What the task requires: Starting at the line that contains "Botas altas negras", output each line exactly as written through the end of the listing below, but leave out the pictures.

Collected data:

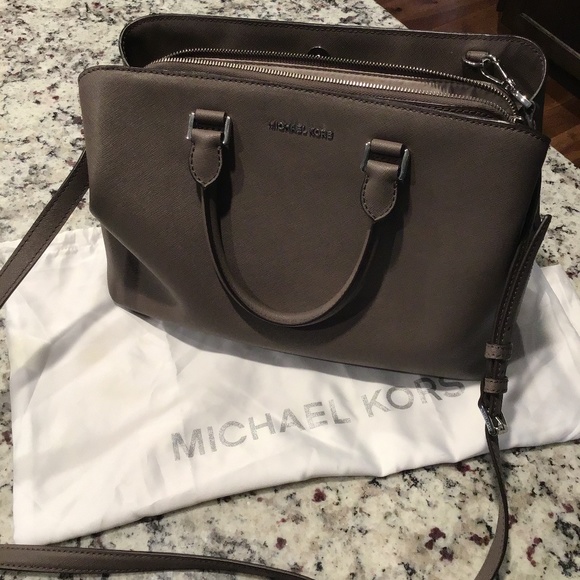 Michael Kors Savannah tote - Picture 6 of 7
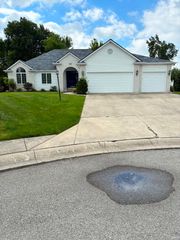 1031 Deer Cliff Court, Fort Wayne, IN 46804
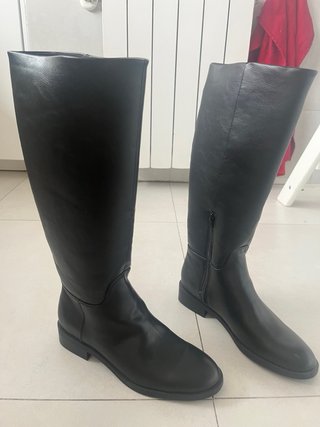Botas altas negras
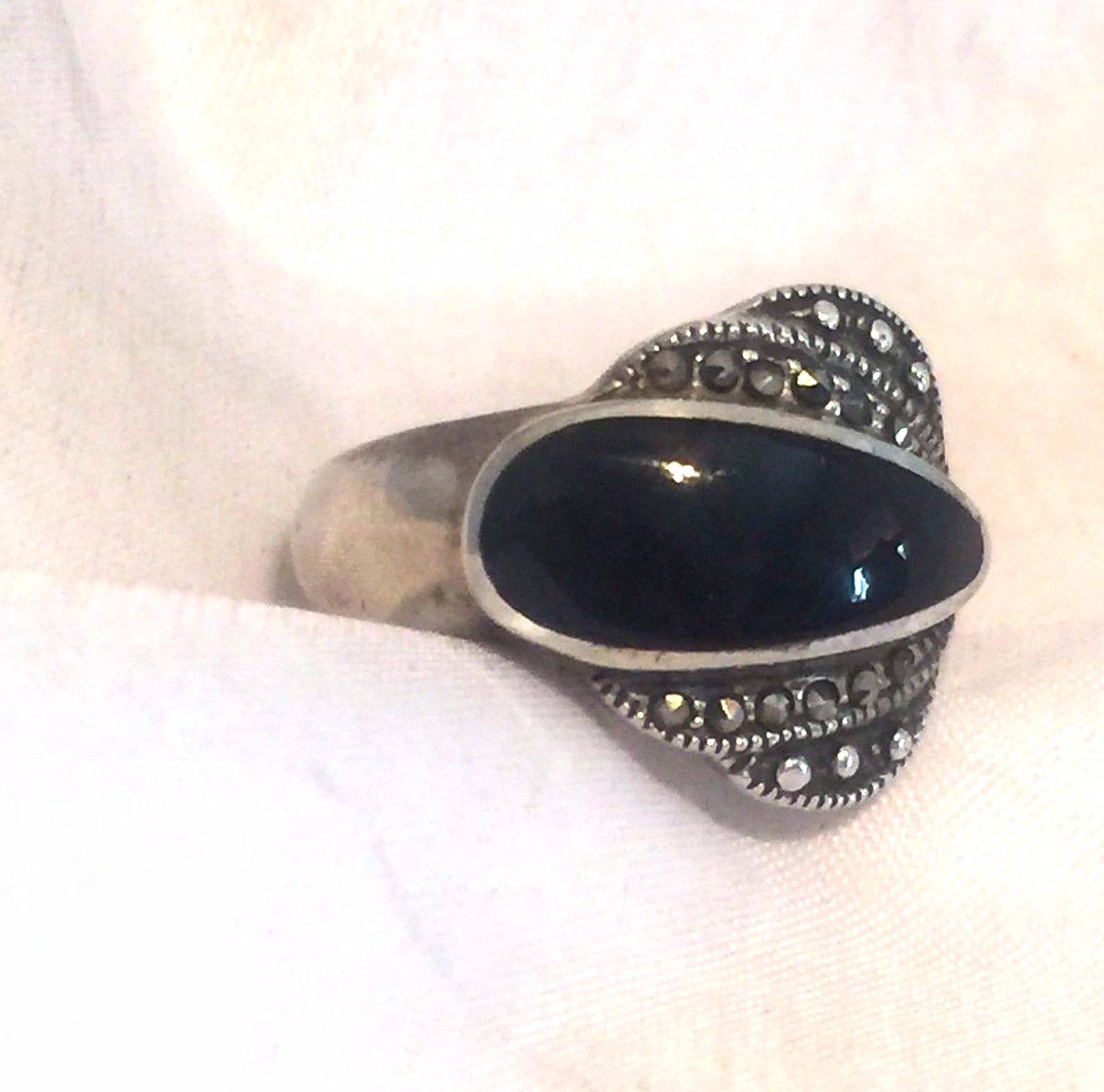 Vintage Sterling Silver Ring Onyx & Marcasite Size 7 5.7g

Solution to the exercise:
Botas altas negras
 Vintage Sterling Silver Ring Onyx & Marcasite Size 7 5.7g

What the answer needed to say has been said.